The problem
Print nothing except the lines of the listing below from the line with "Dr. Michaela Roland" to the line with "Snapshot of seu_cute", each exactly as written, both ends included.

Entries shown
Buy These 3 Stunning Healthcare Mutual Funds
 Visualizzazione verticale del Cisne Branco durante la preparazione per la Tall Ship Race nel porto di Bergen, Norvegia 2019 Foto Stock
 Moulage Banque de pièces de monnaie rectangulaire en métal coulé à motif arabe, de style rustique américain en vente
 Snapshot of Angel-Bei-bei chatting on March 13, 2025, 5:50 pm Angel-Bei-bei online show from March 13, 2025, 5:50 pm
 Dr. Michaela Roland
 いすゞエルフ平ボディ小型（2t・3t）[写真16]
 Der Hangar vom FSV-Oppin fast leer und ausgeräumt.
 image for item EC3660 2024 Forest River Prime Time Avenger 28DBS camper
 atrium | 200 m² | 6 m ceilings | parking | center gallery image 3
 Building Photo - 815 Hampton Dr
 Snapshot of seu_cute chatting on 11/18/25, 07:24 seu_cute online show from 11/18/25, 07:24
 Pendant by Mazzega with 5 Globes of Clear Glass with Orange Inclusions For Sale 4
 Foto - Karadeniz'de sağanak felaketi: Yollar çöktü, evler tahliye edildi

Response for this exercise
 Dr. Michaela Roland
 いすゞエルフ平ボディ小型（2t・3t）[写真16]
 Der Hangar vom FSV-Oppin fast leer und ausgeräumt.
 image for item EC3660 2024 Forest River Prime Time Avenger 28DBS camper
 atrium | 200 m² | 6 m ceilings | parking | center gallery image 3
 Building Photo - 815 Hampton Dr
 Snapshot of seu_cute chatting on 11/18/25, 07:24 seu_cute online show from 11/18/25, 07:24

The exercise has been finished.